The Brickstuff engineers have WLED pre-configured with the top, middle, and bottom segments loaded in, the tower design configured perfectly, basically, you plug it in and start screwing around with WLED to your hearts content. The Brickstuff engineers also included 31 lighting sequences you can control via a remote you get with the tower, or in WLAN with presets, and they all look great! There’s a 32nd sequence for the famous Eiffel Tower Sparkle - it runs it with the lights off so it’s just the sparkle for a dramatic effect (of course, this being a smart Eiffel Tower, you can configure the sparkle to be with the lights on so it’s more realistic to real life - that looks great too!).
There are plenty of apps to control WLED devices, and there’s Alexa support, programmatic access via MQTT or a JSON API, and so much more you can do. This is the huge selling point of the Brickstuff kit - once you get this thing on WLED, the possibilities are endless. It’s 503 LEDs you can do…anything with*. My hope is to do some programming to get the tower to come on after sunset each day automatically, then sparkle at the top of the hour - pretty trivial with some presets and cronjobs!
See that asterisk there - well, almost anything. The broadcast tower lights cannot be controlled via WLED, however, Brickstuff does include a preset that toggles off power, switches a relay off on the control board, and that does turn off power to the broadcast tower lights.
More notably though - the tower comes with a 5V 3A power supply, and 503 LEDs will draw much more than 3A if they’re allowed to. Simple math & physics.

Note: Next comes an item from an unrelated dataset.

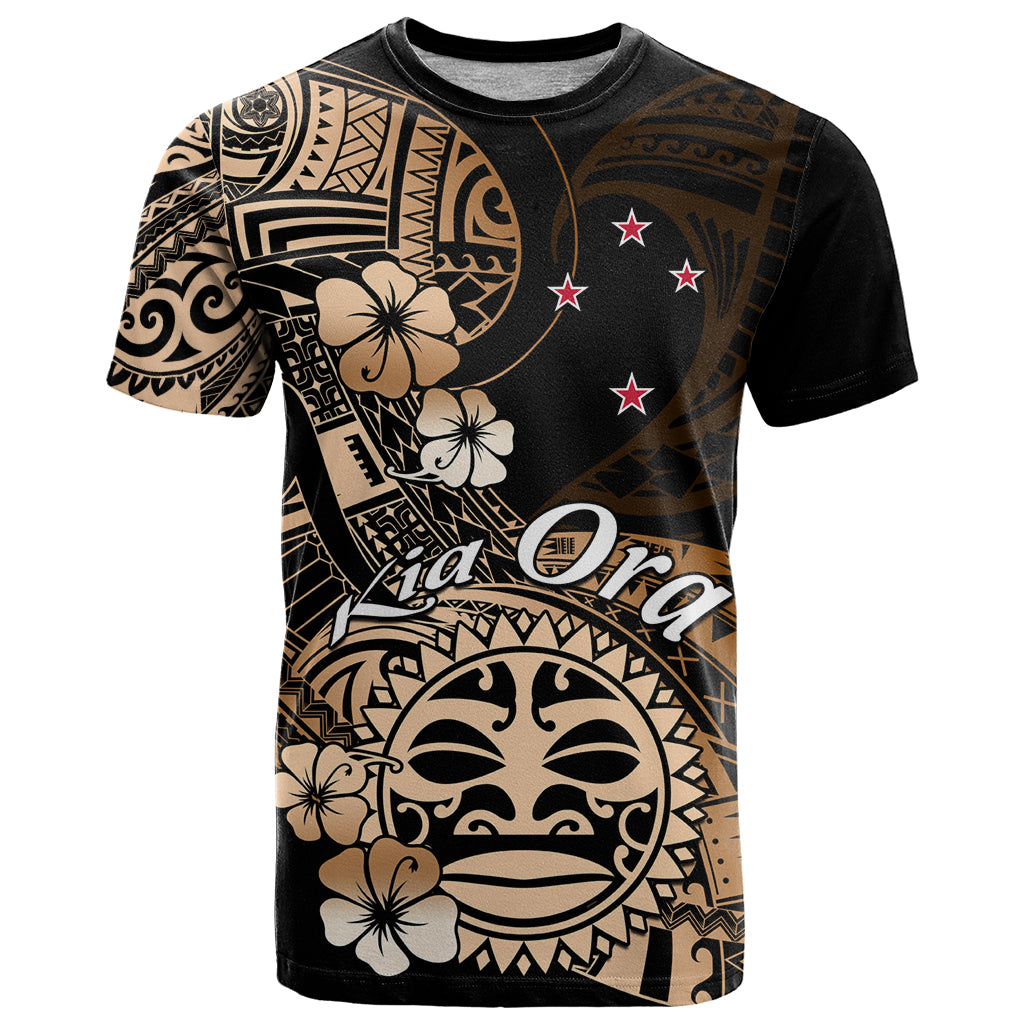 Aotearoa Kia Ora New Zealand Ta Moko Gold Version T Shirt LT01 Gold - Polynesian Pride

Brickstuff very kindly notes in numerous places not to set the brightness higher than 100 in WLED (or about 39.2% of max brightness, which is 255), and it is kind of a shame but I also get it - you probably don’t want 5A+ going into this tower just for full beans lighting effects. 3 amps is a lot safer to deal with.
WLED does have a configuration option for an automatic brightness limiter - basically you put in your max power draw (3000 mA), power draw per LED (30 mA seems to do the trick for me), and WLED will cap the brightness to the point where it tries to stay below 3 A total draw. This works pretty well and I can slam the brightness to 255 without tripping the relay - and this is handy when you want to run effects that can use the extra brightness because not all the LEDs are on.

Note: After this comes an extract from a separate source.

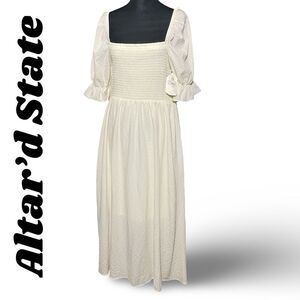 ALTAR’D STATE Peasant Style Dress, Cream, Puff Half Sleeves, Smocked Top, NWT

I’m honestly surprised Brickstuff doesn’t turn this on by default - and perhaps set it to 35 mA per LED for a bit of headroom - because this is very handy tool for extra safety. The relay on the tower prevents you from drawing too much current and resets the tower when doing so - but it’s always nice to avoid it. Anyway, enabling this does let you eek out a bit more brightness on the tower if you’re okay with bumping right up against the current limit. The 3009 mA figure is from a tower setting that tries to glow the tower as close to real life as possible.

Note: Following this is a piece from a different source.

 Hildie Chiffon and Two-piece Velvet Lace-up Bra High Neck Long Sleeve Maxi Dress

Other than the little quirks and gripes I have with the tower - this is an excellent light kit, especially for people who love home automation and screwing around with smart technology. I wouldn’t recommend it to everyone, and the $500 price tag is an absolute huge thing to swallow, but it’s incredibly worth it if the Eiffel Tower is a display piece on your home/apartment/living situation/abode.